Aku mengangguk setuju untuk dirawat di rumahnya. Ansel menaikkan tubuhku ke kursi roda dan mendorongnya sampai tempat parkiran. Ia membukakan pintu mobil untukku dan membantuku masuk ke dalam mobilnya, mobil sport yang mewah berwarna putih dengan edisi terbaru.

“Rumah Dokter masih jauh ya?” tanyaku memulai pembicaraan.

“Emh, gimana kalo panggil Ansel aja? Ini kan bukan di rumah sakit. Saya risih kalo dipanggil dokter saat di luar jam kerja,” balas Ansel.

“Oh iya deh Dok… eh, Ansel,” gumamku, sambil menutup mulut karena keceplosan masih terbiasa memanggil dokter pada Ansel.

“Rumah saya gak jauh dari sini kok, paling sebentar lagi sampai. Kenapa Mbak Retta? Pusing ya?” tanya Ansel khawatir.

“Enggak kok, cuma nanya. Oh iya, panggil saya juga Retta aja ya…. Karena sepertinya saya lebih muda dari Anda.”

“Wah, berarti Anda secara tidak langsung mengatakan saya sudah tua dong?” goda Ansel sambil melirikku.

“Bukan maksud gitu….” Aku jadi merasa tak enak hati.

“Iya, saya ngerti kok, saya cuma bercanda…,” jawab Ansel sambil tertawa. Suasana pun jadi mencair dan tak ada canggung lagi seperti sebelumnya.

Kami tiba di sebuah rumah yang megah, pintu pagarnya bisa terbuka sendiri. Halaman rumah yang luas dengan taman yang dihiasi bunga-bunga yang cantik. Di pinggir halaman rumah terdengar suara gemericik air yang menenangkan hati dari sebuah kolam yang dipenuhi berbagai macam ikan hias yang cantik.
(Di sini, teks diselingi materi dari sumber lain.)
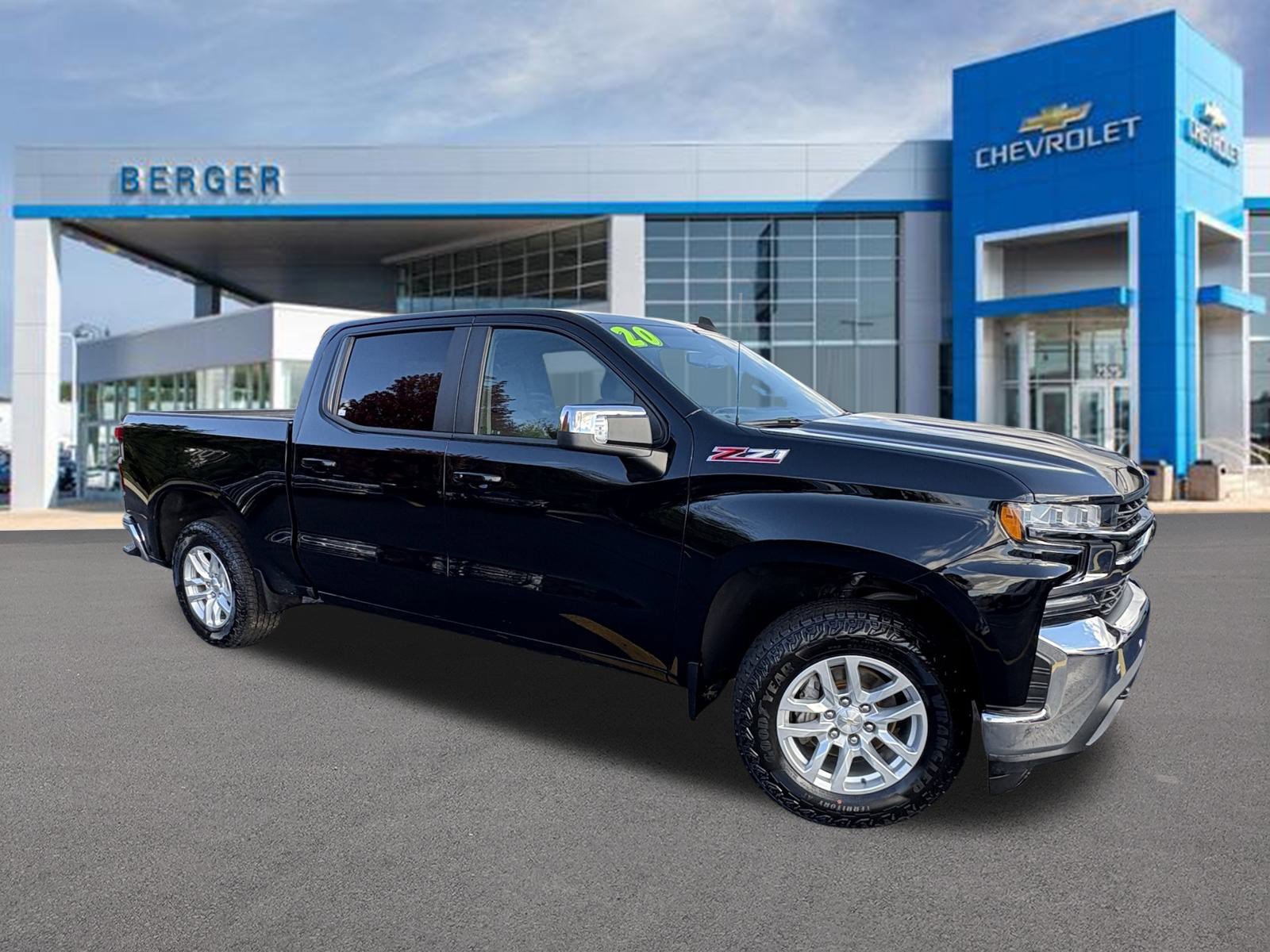 2020 Chevrolet Silverado 1500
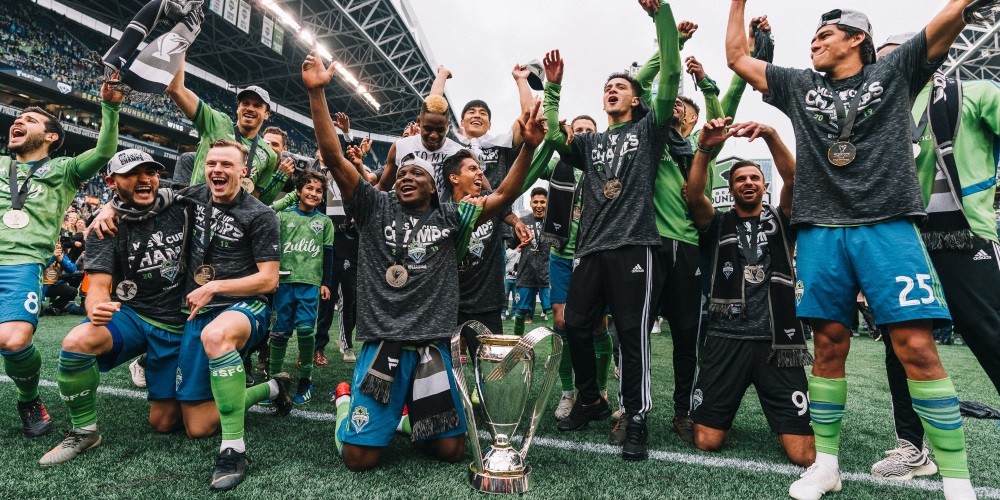 T&iacute;tulo y r&eacute;cord de asistencia, la definici&oacute;n de la MLS para Seattle Sounders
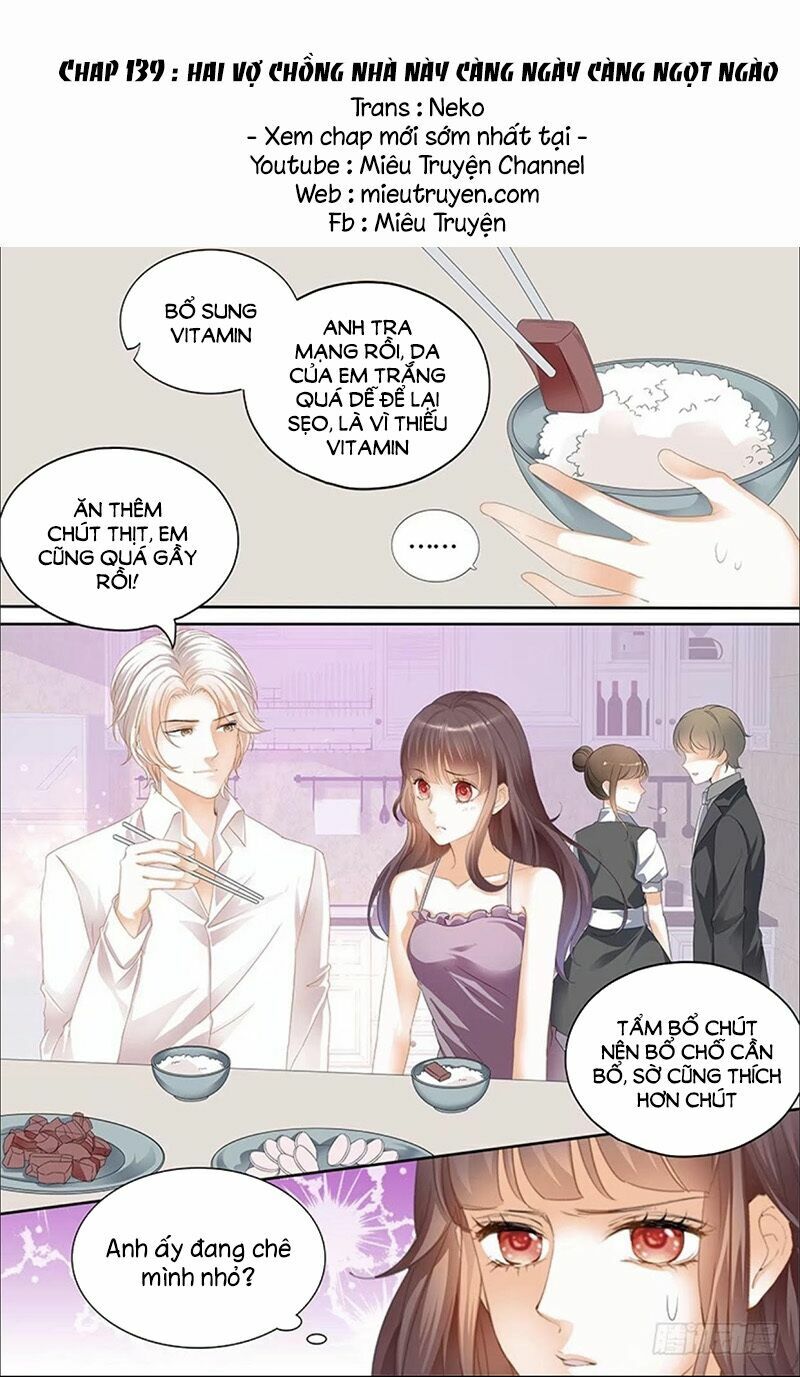 Thiểm Hôn Kiều Thê: Chapter 139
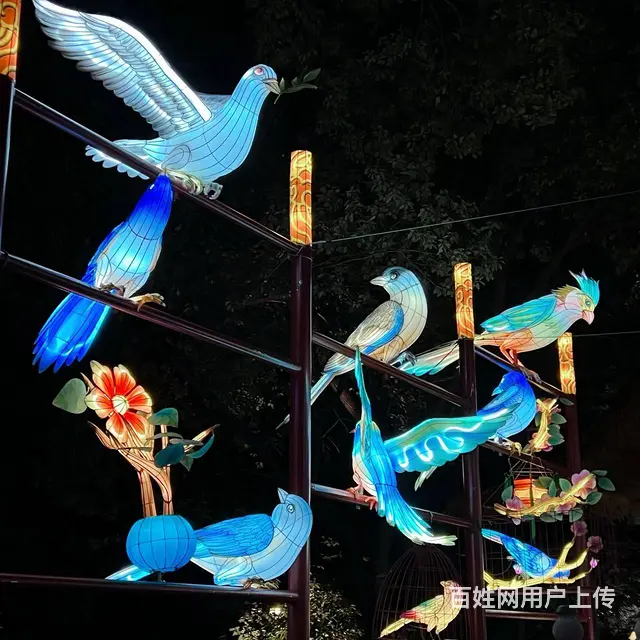 承接2025节日庆典花灯彩灯灯光秀 - 图片 4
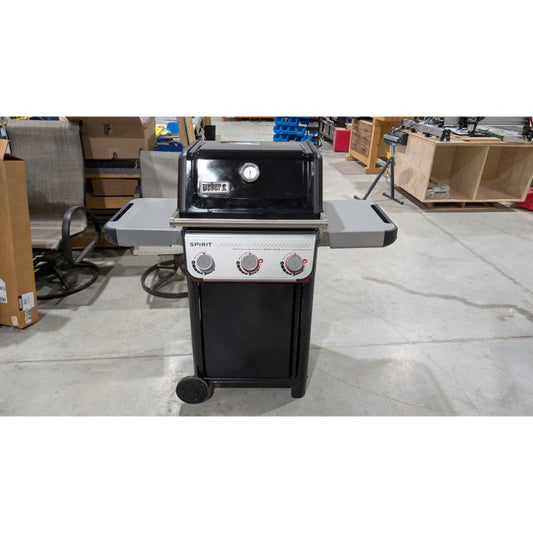 Weber Spirit E-325 NG w/ Cover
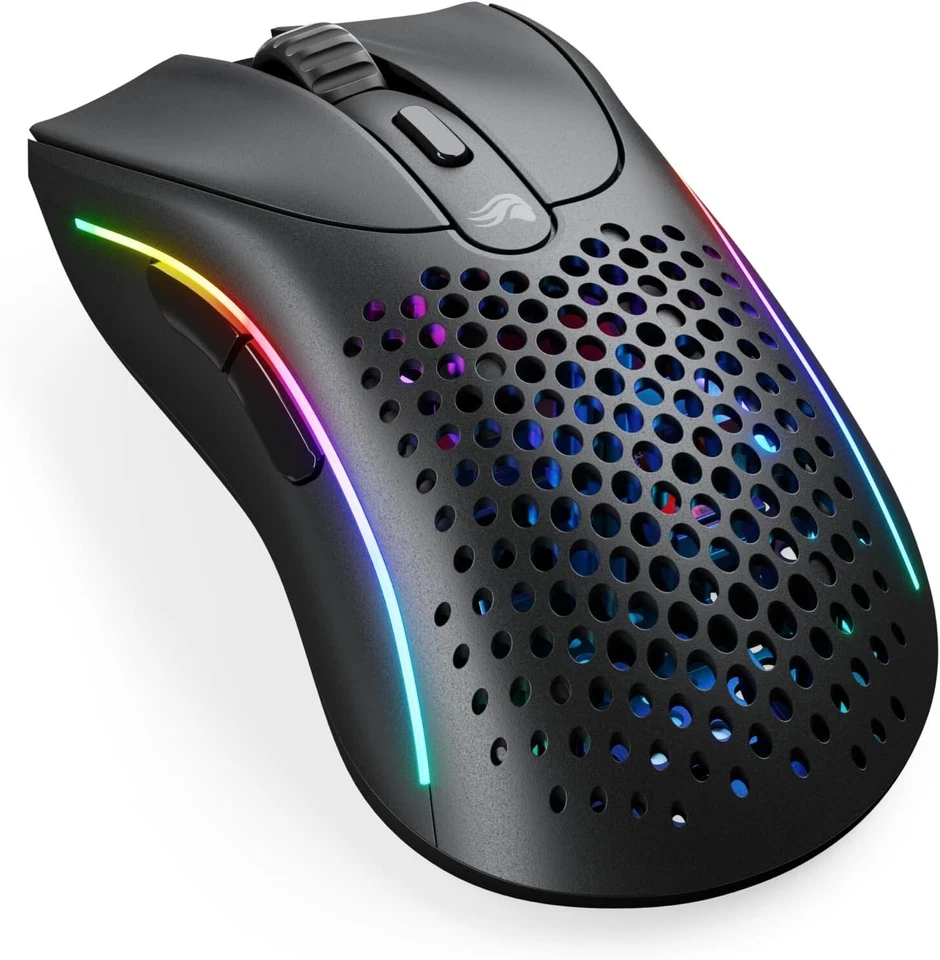 Gaming - Model D 2 Wireless Ergonomic Mouse, Superlight 66g, up to 210 hr Bat... - Image 2 of 4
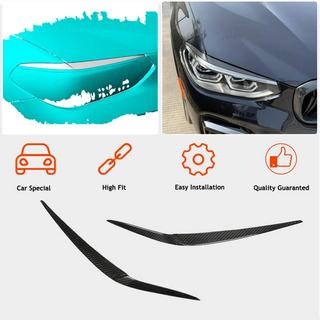 Coques de phares (2018-2021, Carbone) BMW X3 G01 2018- photo 2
Selaras dengan halamannya, rumah Ansel terlihat menarik dengan desain skandinavia. Saat masuk rumahnya, temboknya didominasi dengan warna putih, abu-abu dan cokelat muda. Terasa sangat homey ketika baru menginjakkan kaki di rumah ini.

Seorang wanita paruh baya datang menyapaku. Sepertinya ia ibunya Ansel, karena ada kemiripan dari wajah mereka. Ansel mewarisi wajah dari ibunya yang rupawan. Namun saat ibunya Ansel mendekat padaku, ia terlihat sangat terkejut dan menutup mulut dengan tangannya.

Aku bingung dan menoleh ke arah Ansel, menaikkan alis mataku. “Apa ada yang salah denganku?” tanyaku berbisik pada Ansel.

"Ansel, bukankah dia ...."Ibunya tak berhenti menatapku dari kepala hingga ujung kaki.

'kenapa ibunya melihatku, seperti melihat hantu,'batinku. Aku kembali menoleh pada Ansel untuk meminta penjelasan. Namun bukannya menjawab, ia hanya terdiam dan tersenyum dengan misterius. Senyuman yang sulit kuartikan.